Oposição protocola pedidos de impeachment contra Ibaneis Rocha no DF
Oposição pede impeachment de Ibaneis Rocha no DF

Oposição protocola pedidos de impeachment contra governador Ibaneis Rocha no Distrito Federal

O governador do Distrito Federal, Ibaneis Rocha do MDB, tornou-se alvo de dois pedidos de impeachment protocolados na Câmara Legislativa do DF. As ações ocorrem no contexto das investigações envolvendo o Banco Master e as negociações do BRB, banco público controlado pelo governo distrital, para tentar adquirir a instituição financeira.

Os documentos justificam que Ibaneis cometeu crimes de responsabilidade durante o processo, que são infrações político-administrativas cometidas por autoridades que atentam contra a Constituição e o funcionamento das instituições. No entanto, os pedidos ainda não começaram a tramitar oficialmente na Casa.

Quem apresentou os pedidos de impeachment?

Os pedidos foram assinados por diferentes grupos políticos da oposição:

  • Pedido 1: Assinado por quatro membros do PSB-DF – Rodrigo Dias, Rodrigo Rollemberg, Ricardo Capelli e Leonardo Pinheiro –, pelo presidente do Cidadania-DF, Cristovam Buarque, e pelos advogados Rodrigo Pedreira e Lynecker Juliano.
  • Pedido 2: Assinado por três membros do PSOL-DF – a presidente regional Giulia Tadini e os deputados distritais Fábio Félix e Max Maciel.
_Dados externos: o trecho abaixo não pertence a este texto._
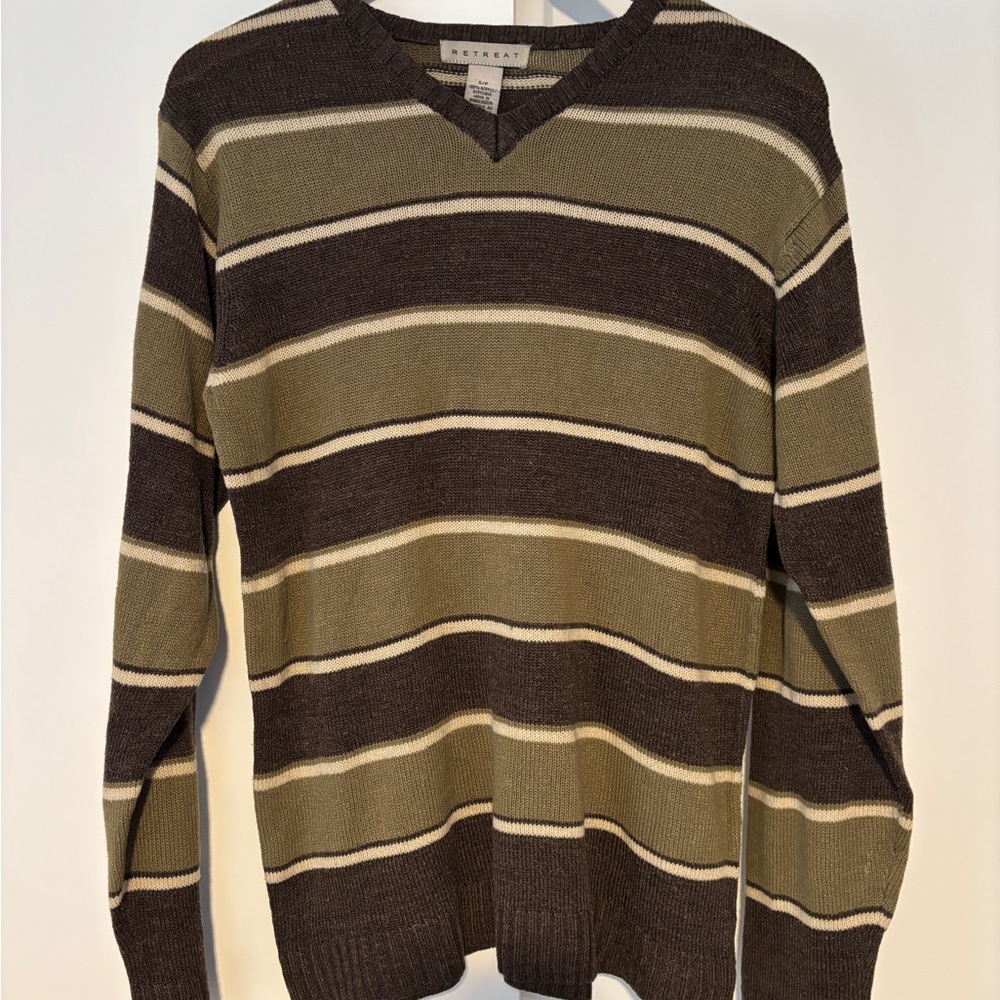 Banana Republic V-Neck Sweater Green and Brown Striped Knit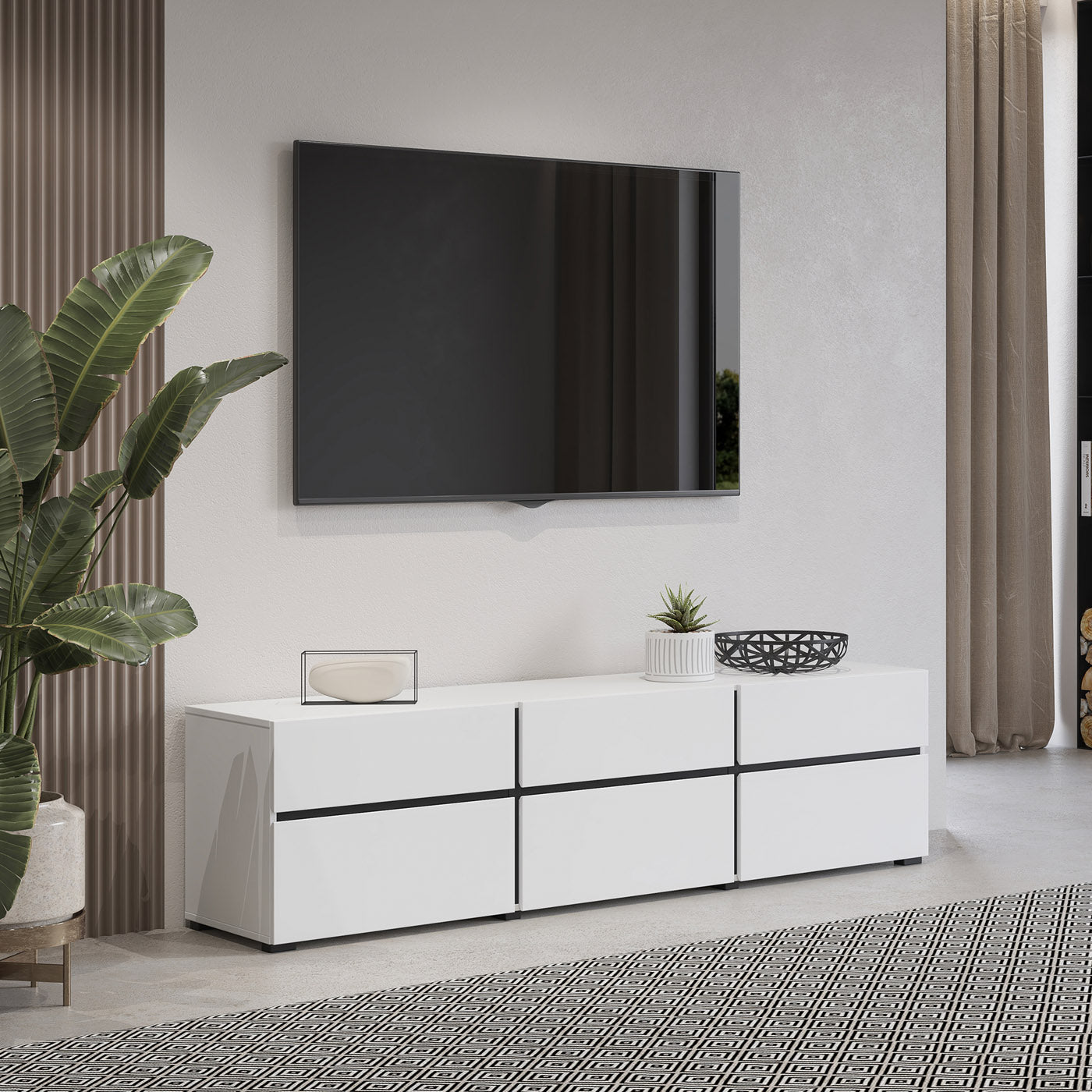 TV skapis Krosit kolekcija 180/40/48 cm melns/balts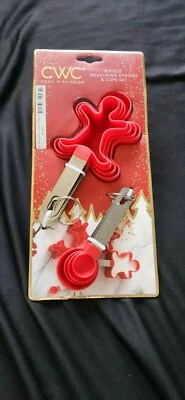 CWC Cook with Color 8 Piece Measuring Spoons and Cups Set Gingerbread Man NEW - Image 1 of 2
Para que os processos avancem, é necessário o aval do presidente da Câmara Legislativa, Wellington Luiz do MDB-DF, aliado e colega de partido de Ibaneis. Na última segunda-feira, Wellington afirmou que só se manifestará sobre os pedidos após o fim do recesso legislativo.

Contexto dos pedidos e acusações

O governo do DF, como acionista controlador do BRB com 71,92% do capital, apoiou publicamente a tentativa de compra do Banco Master ao longo de 2025. A operação, no entanto, foi barrada pelo Banco Central após suspeitas de fraude na venda de carteiras de crédito no valor de R$ 12,2 bilhões. O BRB já havia injetado R$ 16,7 bilhões no Master entre 2024 e 2025, com o Ministério Público apontando indícios de gestão fraudulenta nessas transferências.

Ibaneis admitiu ter se reunido pelo menos quatro vezes com o dono do Banco Master, Daniel Vorcaro, mas negou discutir a compra nesses encontros.

Crimes atribuídos a Ibaneis nos pedidos

No pedido 1, assinado por PSB, Cidadania e advogados, são listados sete crimes de responsabilidade:

  1. Omissão dolosa em tornar efetiva a responsabilidade de subordinados.
  2. Expedição de atos e diretrizes contrárias à Constituição.
  3. Procedimento incompatível com a dignidade, honra e decoro do cargo.
  4. Ordenação de despesas e operações financeiras sem autorização legal prévia.
  5. Efetivação de operações de crédito sem autorização legislativa.
  6. Abertura de compromissos financeiros sem observância das formalidades legais.
  7. Negligência na guarda e conservação do patrimônio público.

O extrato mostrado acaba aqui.